DATA FOR ANALYSIS section start

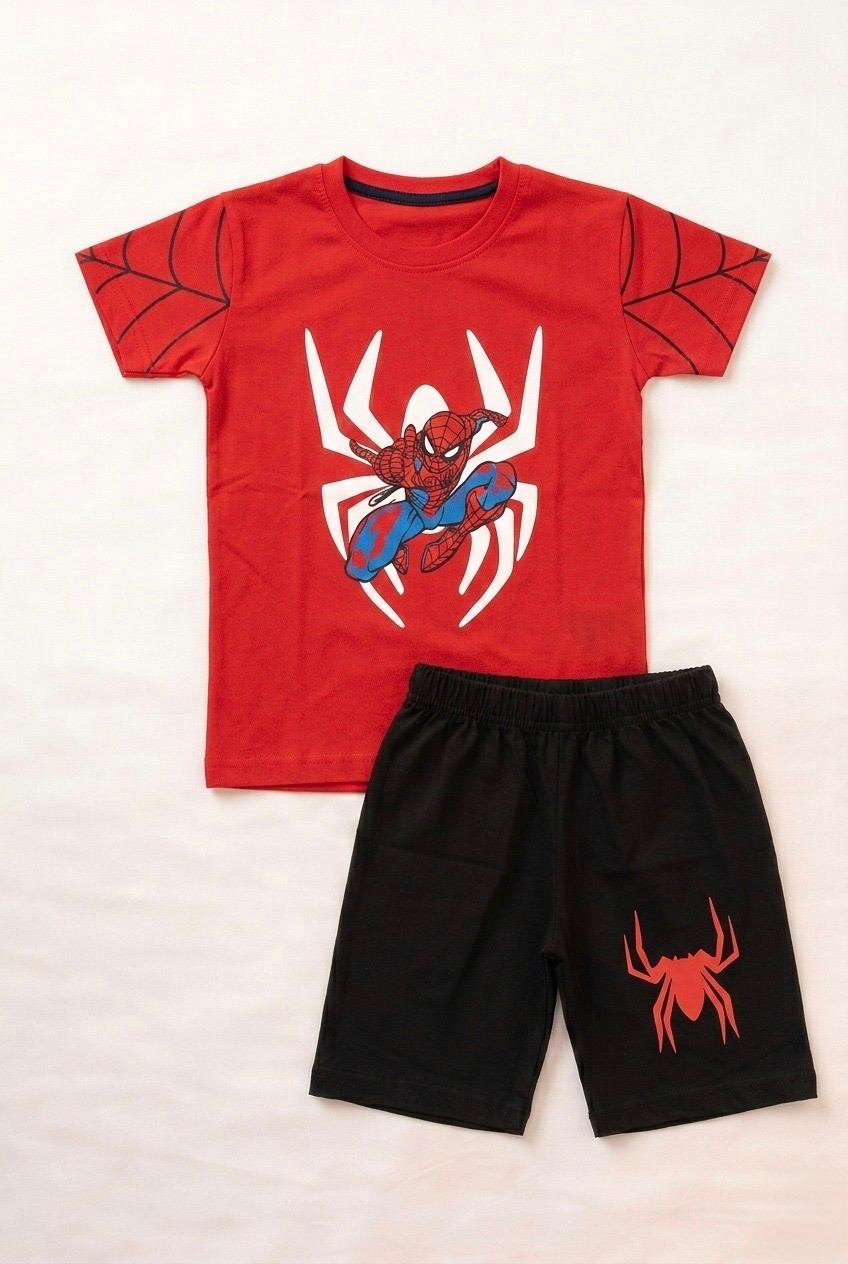 Spiderman Themed Short Set (Red & Black)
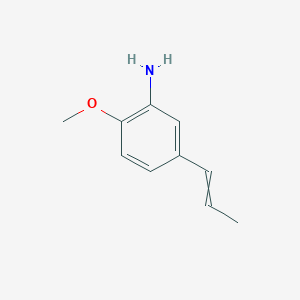 molecular formula C10H13NO B13956349 Benzenamine, 2-methoxy-5-(1-propenyl)- CAS No. 374565-62-5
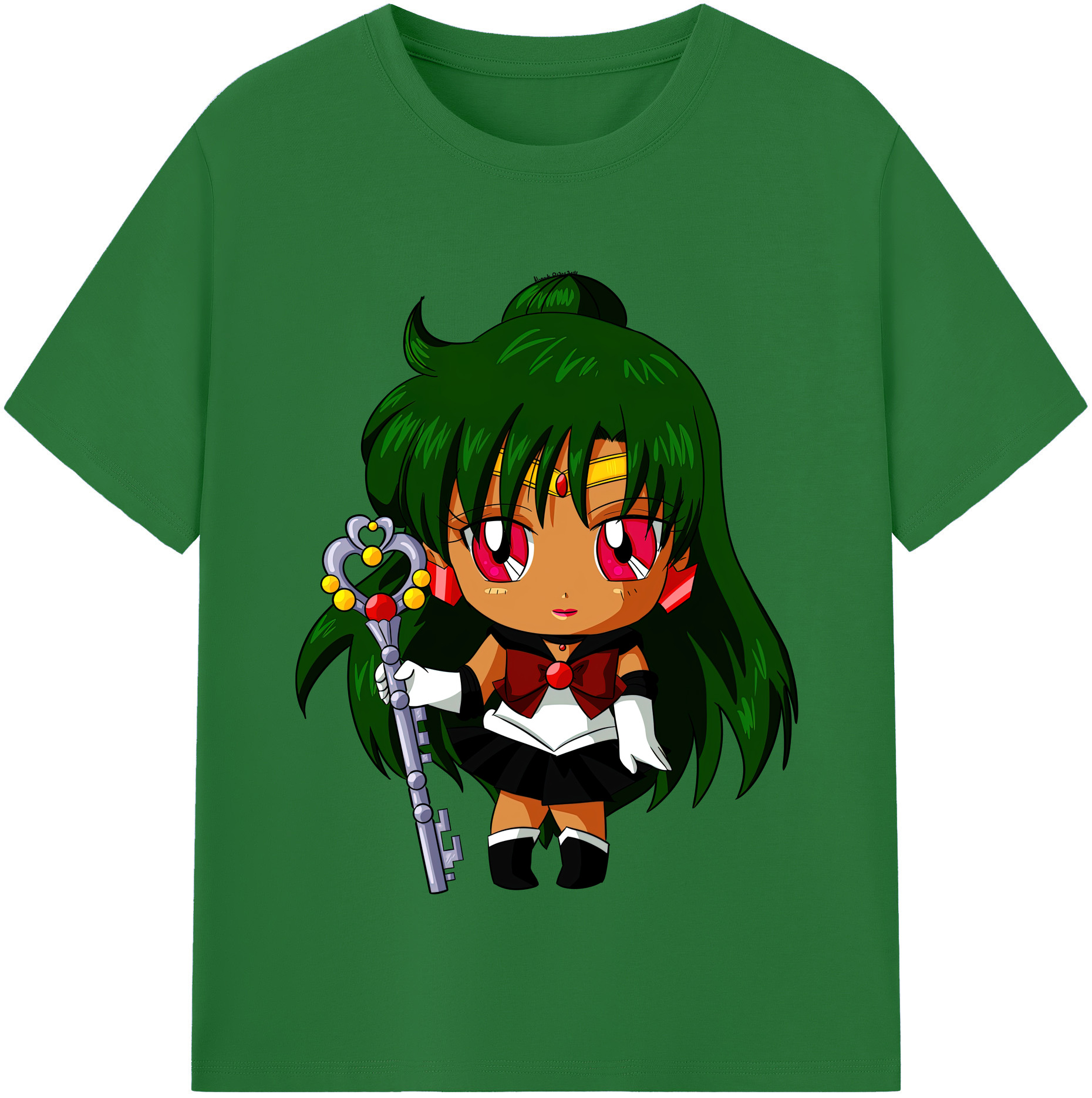 （画像用） 美少女戦士セーラームーン 冥王せつな Sailor Moon Meiou Setsuna 綿100％半袖Tシャツ（フロントプリント）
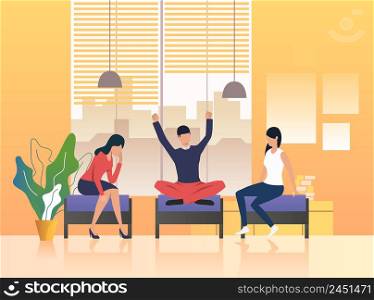Colleagues having break in lounge. Students, friends, coworkers. Meeting concept. Vector illustration can be used for topics like business, education, lifestyle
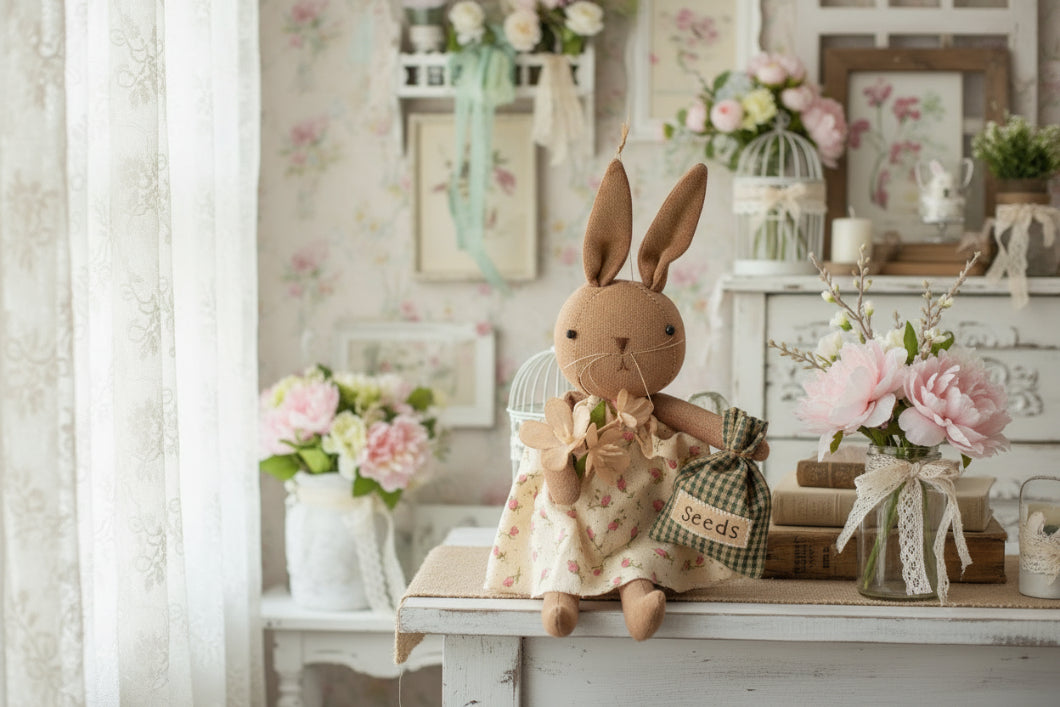 Primitive Spring Easter Girl Bunny Doll w/ Seed Pouch Ornament - The Primitive Pineapple Collection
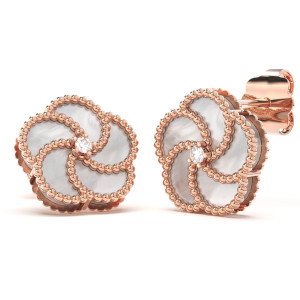 Pendientes Verona Oro Rosa Madreperla Diamantes Irantzuline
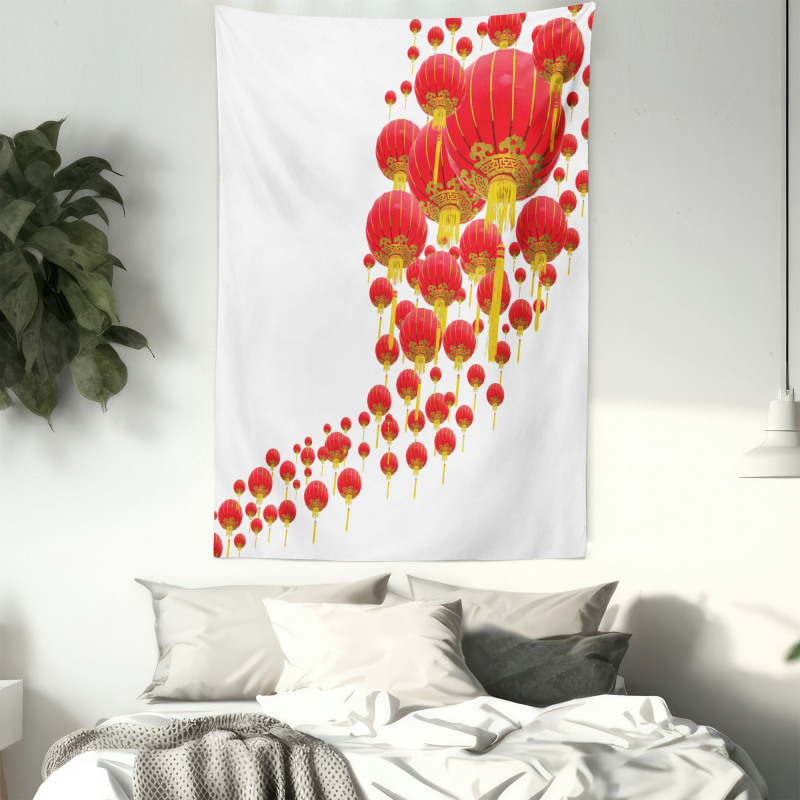 Chinese Lanterns in Sky Tapestry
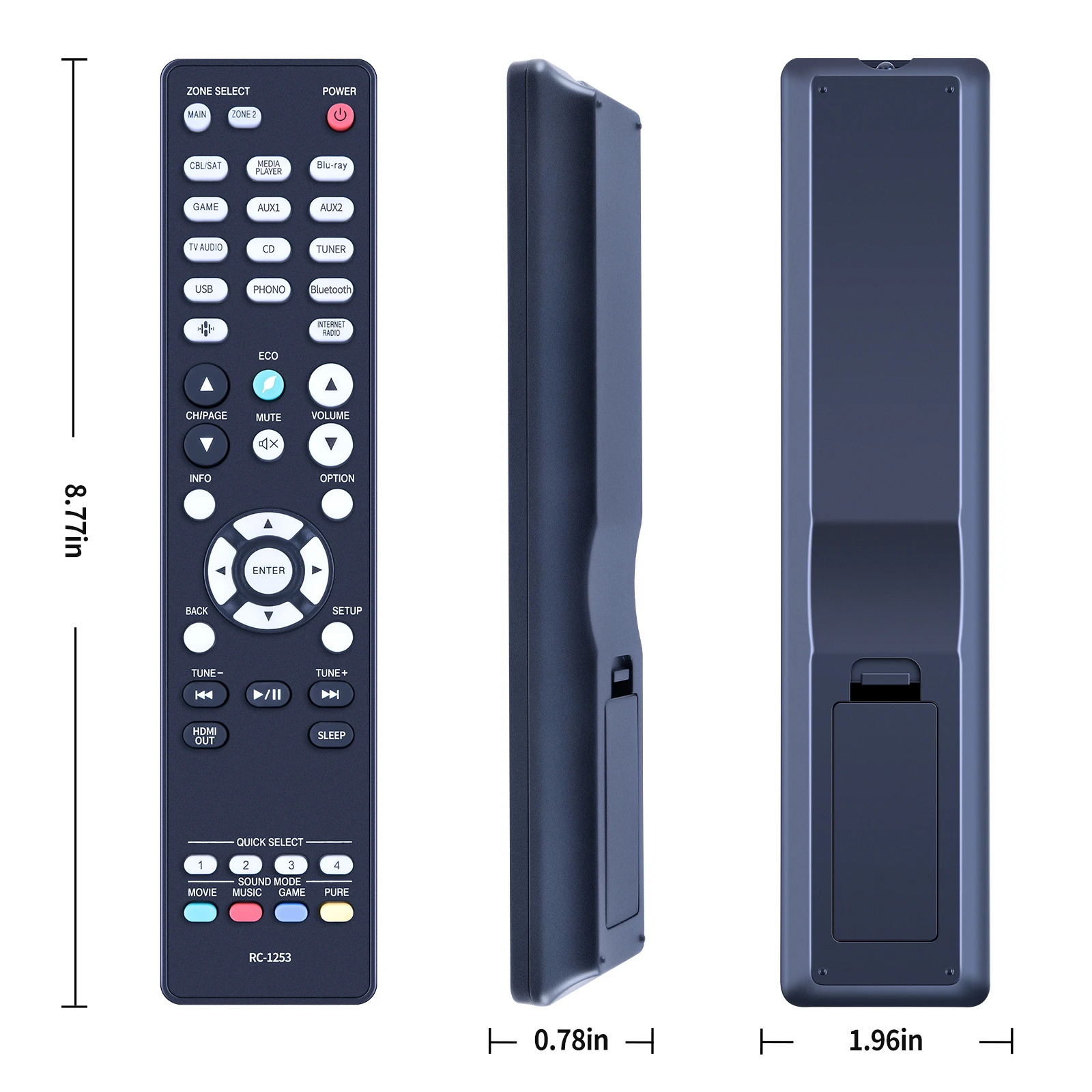 Replacement Remote Control For Denon AVR-S660H AVR-S760H AVR-X2800H RC-1253 AV A/V Surround Receiver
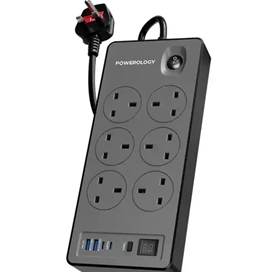 چندراهی برق پاورولوژی 6 پورت مدل PWCUQC046BK توان 2990 وات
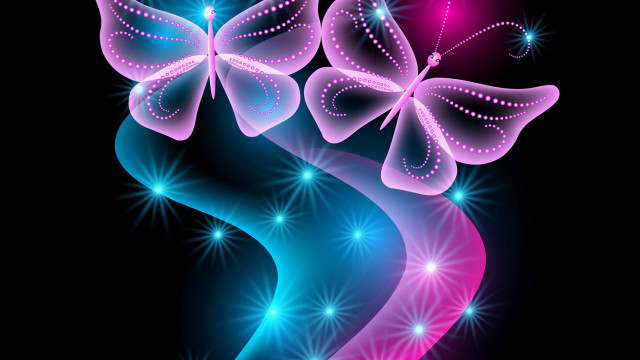 Colorful background butterflies stars image free wallpaper for desktop - medium preview image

DATA FOR ANALYSIS section end

▶ GOAL OF THE EXERCISE
Starting at the line that contains "Replacement Remote Control", restate each line verbatim through the final line of the listing, skipping all pictures.

▶ RESULT FOR THIS EXERCISE
 Replacement Remote Control For Denon AVR-S660H AVR-S760H AVR-X2800H RC-1253 AV A/V Surround Receiver
 چندراهی برق پاورولوژی 6 پورت مدل PWCUQC046BK توان 2990 وات
 Colorful background butterflies stars image free wallpaper for desktop - medium preview image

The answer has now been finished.